Databricks Unity Catalog (UC) is the industry’s only unified and open governance solution for data and AI, built into the Databricks Data Intelligence Platform. Unity Catalog provides a single source of truth for your organization’s data and AI assets, providing open connectivity to any data source, common format, unified governance with detailed lineage tracking, comprehensive monitoring, and support for open sharing and collaboration.
With open APIs and credential vending, Unity Catalog enables external engines like Trino, DuckDB, Apache Spark™, Daft, and other Iceberg REST catalog-integrated engines like Dremio to access its governed data. This interoperability is particularly valuable for teams leveraging AWS EMR for open source analytics workloads. Data teams often resort to copying data across platforms, which creates data silos that increase the risk of unauthorized access, and complicates compliance. In this blog, we’ll show how organizations can break down these data silos by enabling direct access to Unity Catalog tables from AWS EMR. This minimizes data duplication, allowing organizations to use a single copy of data across different analytics and AI workloads with unified governance. Customers can use Databricks’ best-in-class ETL price/performance for the upstream data processing and access the published data by integrating Unity Catalog with EMR Spark and EMR Trino through the Iceberg REST Catalog.
In this blog post, we’ll explore the Iceberg REST Catalog's (IRC) value and provide a step-by-step guide on configuring and accessing Unity Catalog tables from EMR Spark and EMR Trino clusters.

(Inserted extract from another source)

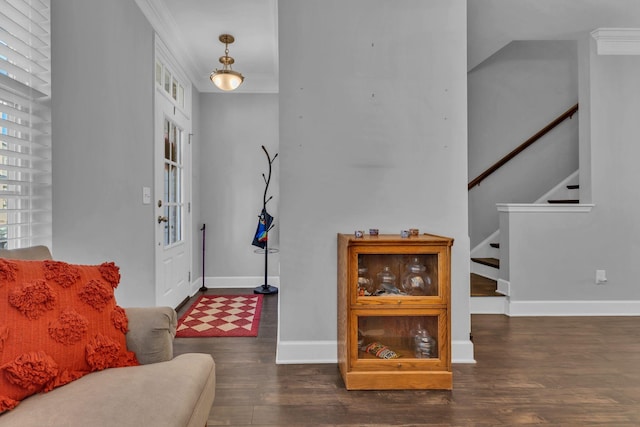 foyer entrance featuring dark hardwood / wood-style flooring and crown molding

Iceberg REST API Catalog Integration
Apache Iceberg™ maintains atomicity and consistency by creating new metadata files for each table change. The Iceberg catalog tracks the new metadata per write and ensures incomplete writes do not corrupt an existing metadata file. The Iceberg REST catalog API is a standardized, open API specification that provides a unified interface for Iceberg catalogs. It decouples catalog implementations from clients and solves interoperability across engines and catalogs.
Unity Catalog (UC) implements the Iceberg REST catalog interface, enabling interoperability with any engine integrated with the Iceberg REST Catalog, such as Apache Spark™, Trino, Dremio, and Snowflake. Unity Catalog’s Iceberg REST Catalog endpoints allow external systems to access tables via open APIs while benefiting from performance enhancements like Liquid Clustering and Predictive Optimization. At the same time, Databricks workloads continue to benefit from advanced Unity Catalog features like Change Data Feed.
Securing Access via Credential Vending
Unity Catalog’s credential vending dynamically issues temporary credentials for secure access to cloud storage. When an external engine, such as Trino, requests data from an Iceberg table registered in a UC metastore, Unity Catalog generates short-lived credentials using IAM roles or managed identities to the specific dataset being queried by the user and storage URLs of the dataset, thereby eliminating the manual credential management while maintaining security and compliance. The detailed steps are captured in the diagram below.
Figure 1. Steps in the data flow to securely access data assets with credential vending
Experiencing EMR Spark and Trino in Action with Unity Catalog’s Open APIs
In this section, we’ll look at accessing the Iceberg tables registered in Databricks Unity Catalog using EMR Spark and Trino. We’ll walk through the following steps:
- Setting up the Unity Catalog Iceberg tables from the Databricks workspace
- Setting up AWS EMR Spark and Trino
- Test EMR Spark and Trino connectivity to Databricks Unity Catalog
- EMR Trino SQL - Read and Write Managed Iceberg tables
- EMR Spark SQL - Read and Write Managed Iceberg tables
- Performing UC access control test
- Using OAuth for connecting to Unity Catalog IRC configuration
Step 1: Setting up the Unity Catalog Iceberg tables from the Databricks workspace
The blog assumes the Unity Catalog enabled Workspace setup and Account principles are configured with proper authorization and authentication. To get started with Unity Catalog, follow the Unity Catalog Setup Guide.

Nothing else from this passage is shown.